Jennifer Anyaegbunam is a Fellow at The American Resident Project. Her post appears on THCB as part of The Health Care Blog’s  partnership with ThinkWellPoint.  Stay tuned for more. Follow the American Resident’s Project on Twitter @Amresproj.

I’ve spent the past four weeks learning about primary care on my Family Medicine rotation. A significant portion of patient care in this setting is focused on “health maintenance” or disease prevention.

Physicians can provide their patients with evidence-based recommendations for various screening tests and vaccinations, but it is ultimately up to the patient to decide what services he or she will receive.

According to the Centers for Disease Control and Prevention (CDC), the best way to prevent influenza, more affectionately called “the flu,” is to get vaccinated each year. During flu season, which extends from October to May, many primary care physicians offer their patients the flu shot as a routine part of their health maintenance.
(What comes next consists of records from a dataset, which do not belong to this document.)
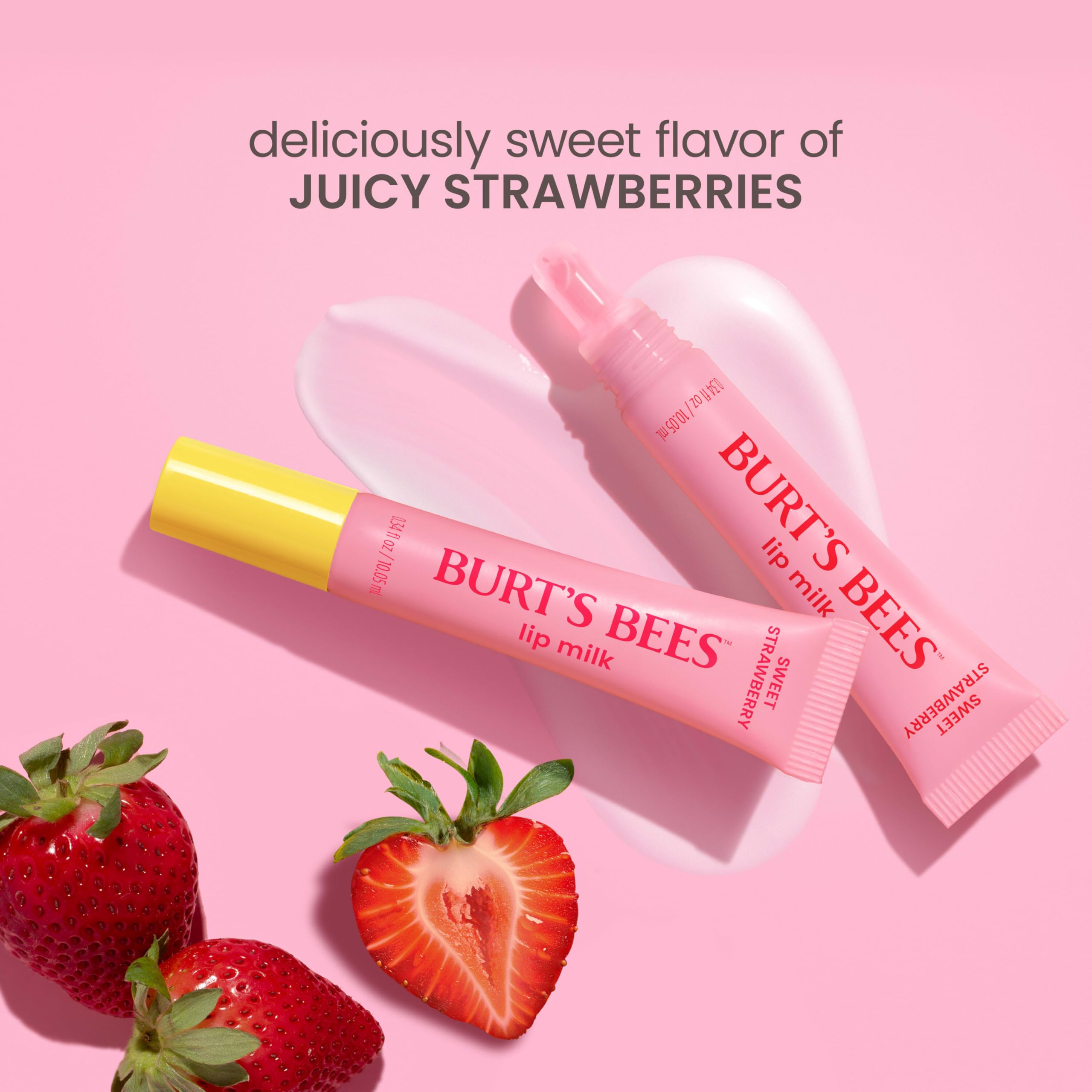 Burt’s Bees Lip Milk, Daily Lip Moisturizer, Sweet Strawberry, Vitamin Enriched Moisturizing Lip Balm with Almond Milk and Jojoba Oil, Hydrating for Softer Lips, 1 Tube, 0.34 Fl Oz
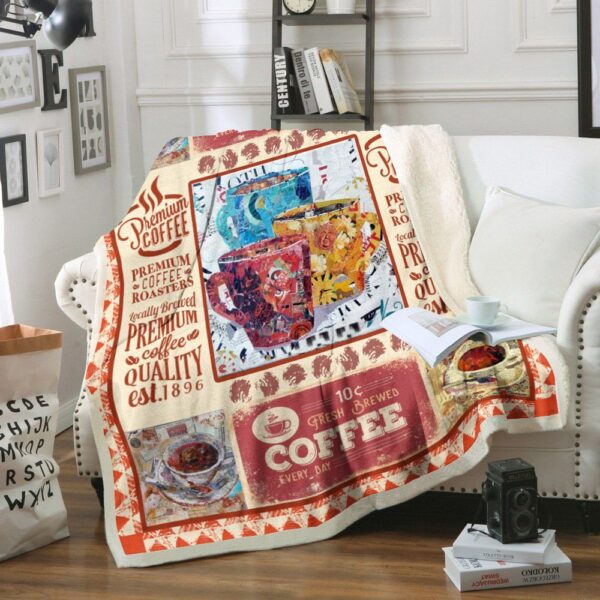 Coffee Fleece Blanket Sherpa Blanket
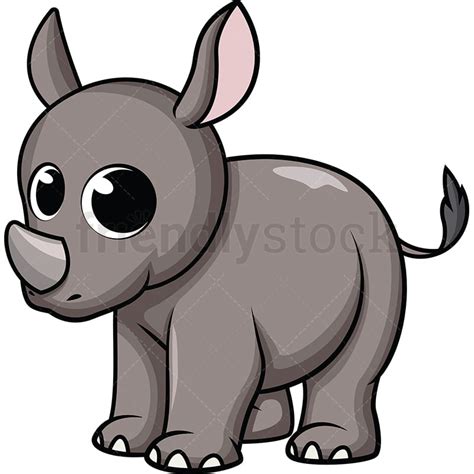 Cute Baby Rhino Cartoon Vector Clipart - FriendlyStock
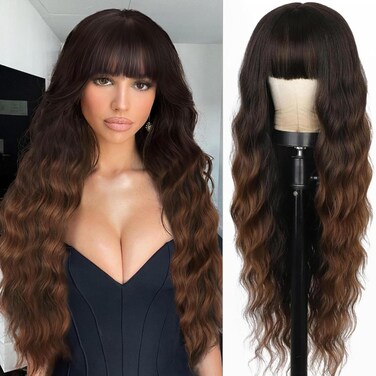 30 Inch Long Brown Wig With Bangs, Ombre Brown Wig for Women, Synthetic Curly Wavy Natural Looking Wig Heat Resistant Fiber Daily Party Use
Over the past month I’ve had a number of interesting conversations about the flu shot that have allowed me to evaluate my role as an educator. How do you assess patient understanding? How hard do you need to drive certain points? Will patients perceive you as bossy or overbearing?

I respect my patients’ right to choose, but sometimes I’m concerned that they make choices based on fiction rather fact. It’s been quite a challenge learning how to debunk misconceptions, without seeming too pushy.

This week I helped care for an elderly woman named “Ms. Jade.” She visited the office for a follow up visit to manage her hypercholesterolemia, or high cholesterol. After discussing her chronic condition, I took the opportunity to assess her health maintenance and check if she was up-to-date with all the assessments recommended for a woman of her age.

Ms. Jade was on track with everything from her annual vision screening to her colonoscopy. The only preventive health maintenance item she was missing was the flu shot. Her chart read “flu shot advised 2012, declined,” meaning that she was offered the flu shot last year and opted not to take it.